Lech ma w tym sezonie wysokie aspiracje. Inauguracja ligi okazała się falstartem, ale kolejne mecze w Pucharze UEFA i lidze, pokazały że Kolejorz jest bardzo silny. Obecnie drużyna Franciszka Smudy jest chwalona przez całą Polskę. - Na pewno porażka z Bełchatowem spowodowała, że na mecz z Grasshoppers byliśmy bardzo zmobilizowani. Był to kluczowy moment, bo to spotkanie dobrze nam się ułożyło. Efektem tego było kolejne zwycięstwo w Białymstoku - mówi w rozmowie z serwisem SportoweFakty.pl Tomasz Bandrowski, który jednak zauważył błędy w grze Lecha. - W drugiej połowie Jagiellonia nas trochę przycisnęła i trzeba ten mankament wyeliminować.

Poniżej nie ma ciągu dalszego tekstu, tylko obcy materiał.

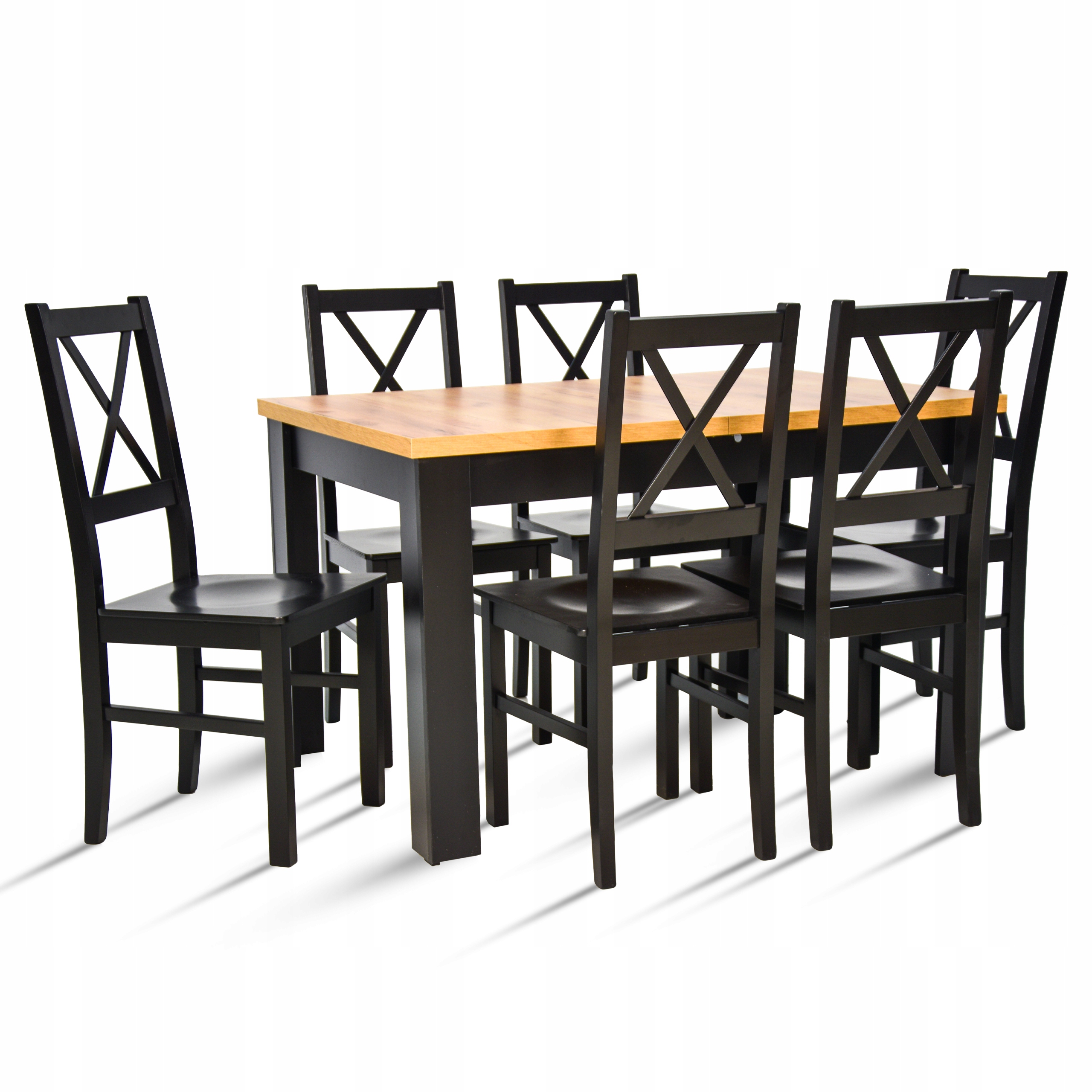 

Zestaw do salonu stół 80x120/160 6 krzeseł drewno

W sobotę lechici podejmą Górnika Zabrze, który sezon rozpoczął bardzo nieudanie. Ma na swoim koncie tylko jeden punkt i nie strzelił żadnej bramki. Walczący o mistrzostwo Polski poznaniacy nie mają innej opcji, niż pokonać drużynę Ryszarda Wieczorka. - Musimy zdobyć trzy punkty, bo rywale nam uciekną. Wisła jest w dobrej dyspozycji i również ma mecz na własnym stadionie, więc powinni wyjść zwycięsko z tej potyczki - twierdzi były zawodnik Energie Cottbus.
Lech słynie z gry ofensywnej, co powoduje, że rywale często wystawiają zmasowaną obronę, szczególnie w meczach na stadionie przy ul. Bułgarskiej. Zdaniem pomocnika Kolejorza to nie jest żaden problem. - Dobrze nam się gra, gdy rywal broni się od pierwszych minut, bo przejmujemy inicjatywę i wykorzystujemy to - opowiada lechita ocierający się o reprezentację Polski.
Poznańska lokomotywa jest bardzo bliska awansu do kolejnej rundy Pucharu UEFA, ponieważ pierwsze spotkanie z Grasshoppers Zurych zakończyło się zwycięstwem Lecha aż 6:0. Podopieczni Franciszka Smudy nie lekceważą jednak rywala. - Do Szwajcarii pojedziemy bardzo zmotywowani, aby pokazać, że potrafimy dobrze grać w dwumeczu. Nie możemy zlekceważyć przeciwnika. W takiej dyspozycji, w jakiej na dzień dzisiejszy jesteśmy, powinniśmy ze spokojem awansować do kolejnej rundy - zakończył Tomasz Bandrowski.